▸ PROBLEM TO WORK ON:
In the entries below, find the line with "A close-up shot" and the line with "Flat-lay of last-minute". Print those two and everything between them exactly, and nothing else.
** Opening RECORDS PROVIDED block **
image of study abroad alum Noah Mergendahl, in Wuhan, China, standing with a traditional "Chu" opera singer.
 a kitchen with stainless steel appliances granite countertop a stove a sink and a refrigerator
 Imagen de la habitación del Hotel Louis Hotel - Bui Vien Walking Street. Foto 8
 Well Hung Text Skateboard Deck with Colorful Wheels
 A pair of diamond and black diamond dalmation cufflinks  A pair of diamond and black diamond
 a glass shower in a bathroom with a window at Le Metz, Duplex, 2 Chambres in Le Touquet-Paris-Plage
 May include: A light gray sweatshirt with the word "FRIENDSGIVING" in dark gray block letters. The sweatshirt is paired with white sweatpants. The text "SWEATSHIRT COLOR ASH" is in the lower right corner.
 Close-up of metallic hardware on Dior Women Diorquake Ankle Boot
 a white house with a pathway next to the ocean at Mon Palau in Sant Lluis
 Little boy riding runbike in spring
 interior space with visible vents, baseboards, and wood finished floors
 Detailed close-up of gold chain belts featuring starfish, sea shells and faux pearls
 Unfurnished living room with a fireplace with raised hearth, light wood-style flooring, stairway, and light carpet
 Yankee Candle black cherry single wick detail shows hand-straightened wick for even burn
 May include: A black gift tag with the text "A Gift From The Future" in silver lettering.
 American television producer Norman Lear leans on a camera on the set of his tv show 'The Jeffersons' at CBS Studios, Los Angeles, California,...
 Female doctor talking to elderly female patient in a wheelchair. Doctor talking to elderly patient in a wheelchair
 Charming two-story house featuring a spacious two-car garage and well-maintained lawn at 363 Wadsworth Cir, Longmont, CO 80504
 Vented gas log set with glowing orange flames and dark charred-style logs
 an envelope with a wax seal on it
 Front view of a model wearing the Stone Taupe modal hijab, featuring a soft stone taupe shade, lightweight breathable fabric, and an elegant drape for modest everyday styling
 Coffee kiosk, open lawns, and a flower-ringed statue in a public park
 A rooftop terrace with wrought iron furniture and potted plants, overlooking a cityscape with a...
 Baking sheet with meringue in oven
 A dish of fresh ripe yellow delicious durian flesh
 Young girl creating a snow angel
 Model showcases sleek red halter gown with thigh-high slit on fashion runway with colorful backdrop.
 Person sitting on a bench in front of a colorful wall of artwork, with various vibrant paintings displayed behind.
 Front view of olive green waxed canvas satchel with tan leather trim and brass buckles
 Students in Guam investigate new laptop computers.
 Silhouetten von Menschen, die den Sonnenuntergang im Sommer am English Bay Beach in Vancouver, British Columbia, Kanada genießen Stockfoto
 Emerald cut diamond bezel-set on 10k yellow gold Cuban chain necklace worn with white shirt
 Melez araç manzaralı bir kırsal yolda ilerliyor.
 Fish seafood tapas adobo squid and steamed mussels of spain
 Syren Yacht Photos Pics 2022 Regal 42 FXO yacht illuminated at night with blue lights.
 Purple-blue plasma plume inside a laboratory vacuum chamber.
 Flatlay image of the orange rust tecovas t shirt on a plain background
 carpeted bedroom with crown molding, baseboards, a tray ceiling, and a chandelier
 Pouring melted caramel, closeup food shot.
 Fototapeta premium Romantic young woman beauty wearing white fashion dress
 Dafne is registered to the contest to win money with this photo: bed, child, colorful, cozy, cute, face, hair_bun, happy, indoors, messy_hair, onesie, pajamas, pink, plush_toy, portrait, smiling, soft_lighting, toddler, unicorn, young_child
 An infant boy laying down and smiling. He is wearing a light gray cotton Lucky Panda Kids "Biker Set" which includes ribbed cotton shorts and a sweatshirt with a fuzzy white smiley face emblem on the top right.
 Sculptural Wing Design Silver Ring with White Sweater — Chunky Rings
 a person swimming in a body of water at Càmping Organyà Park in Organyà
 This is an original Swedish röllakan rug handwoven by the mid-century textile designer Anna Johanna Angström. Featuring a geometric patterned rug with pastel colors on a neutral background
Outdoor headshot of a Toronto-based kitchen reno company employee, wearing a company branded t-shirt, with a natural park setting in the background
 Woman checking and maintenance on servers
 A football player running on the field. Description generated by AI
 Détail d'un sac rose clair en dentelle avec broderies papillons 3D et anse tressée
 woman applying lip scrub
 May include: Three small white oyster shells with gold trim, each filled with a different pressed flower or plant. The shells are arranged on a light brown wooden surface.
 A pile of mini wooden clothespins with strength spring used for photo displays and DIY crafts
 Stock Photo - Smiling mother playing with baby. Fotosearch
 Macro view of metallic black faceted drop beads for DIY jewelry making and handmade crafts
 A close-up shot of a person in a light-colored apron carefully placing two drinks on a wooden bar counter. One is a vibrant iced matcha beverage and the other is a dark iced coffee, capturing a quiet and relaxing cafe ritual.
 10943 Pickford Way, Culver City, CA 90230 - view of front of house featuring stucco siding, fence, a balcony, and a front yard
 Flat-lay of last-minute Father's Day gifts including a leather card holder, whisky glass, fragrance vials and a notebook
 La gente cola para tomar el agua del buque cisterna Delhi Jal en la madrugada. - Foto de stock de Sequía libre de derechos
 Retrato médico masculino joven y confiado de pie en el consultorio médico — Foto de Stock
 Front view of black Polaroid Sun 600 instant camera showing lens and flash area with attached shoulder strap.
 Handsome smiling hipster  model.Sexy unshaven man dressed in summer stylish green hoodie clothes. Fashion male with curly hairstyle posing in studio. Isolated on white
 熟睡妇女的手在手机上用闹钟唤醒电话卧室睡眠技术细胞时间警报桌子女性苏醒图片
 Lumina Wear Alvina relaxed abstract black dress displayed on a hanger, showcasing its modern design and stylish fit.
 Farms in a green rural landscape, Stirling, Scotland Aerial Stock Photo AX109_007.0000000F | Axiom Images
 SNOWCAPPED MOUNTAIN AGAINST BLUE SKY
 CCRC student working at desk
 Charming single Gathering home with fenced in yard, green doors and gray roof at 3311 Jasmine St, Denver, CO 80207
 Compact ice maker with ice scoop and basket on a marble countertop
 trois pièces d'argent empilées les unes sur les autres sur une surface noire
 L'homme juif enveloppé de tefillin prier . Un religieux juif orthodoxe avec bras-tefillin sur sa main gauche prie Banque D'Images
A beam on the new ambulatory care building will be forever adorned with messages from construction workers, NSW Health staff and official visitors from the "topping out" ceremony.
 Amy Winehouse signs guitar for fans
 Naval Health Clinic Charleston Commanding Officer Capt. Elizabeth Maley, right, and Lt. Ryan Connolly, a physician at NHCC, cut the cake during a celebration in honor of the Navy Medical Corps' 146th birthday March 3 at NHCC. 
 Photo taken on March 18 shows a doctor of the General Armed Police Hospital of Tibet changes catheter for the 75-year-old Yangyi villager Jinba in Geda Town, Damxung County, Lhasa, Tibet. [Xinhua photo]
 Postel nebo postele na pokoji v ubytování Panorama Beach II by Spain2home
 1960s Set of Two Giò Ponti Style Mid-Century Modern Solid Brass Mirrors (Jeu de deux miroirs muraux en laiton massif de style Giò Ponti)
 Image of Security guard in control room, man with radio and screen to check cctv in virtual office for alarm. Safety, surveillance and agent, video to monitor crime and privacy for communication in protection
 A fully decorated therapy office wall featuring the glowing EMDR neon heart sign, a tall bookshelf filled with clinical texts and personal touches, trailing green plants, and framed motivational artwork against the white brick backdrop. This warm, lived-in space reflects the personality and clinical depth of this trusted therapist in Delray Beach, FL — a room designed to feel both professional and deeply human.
** Closing RECORDS PROVIDED block **
▸ WRITTEN ANSWER:
 A close-up shot of a person in a light-colored apron carefully placing two drinks on a wooden bar counter. One is a vibrant iced matcha beverage and the other is a dark iced coffee, capturing a quiet and relaxing cafe ritual.
 10943 Pickford Way, Culver City, CA 90230 - view of front of house featuring stucco siding, fence, a balcony, and a front yard
 Flat-lay of last-minute Father's Day gifts including a leather card holder, whisky glass, fragrance vials and a notebook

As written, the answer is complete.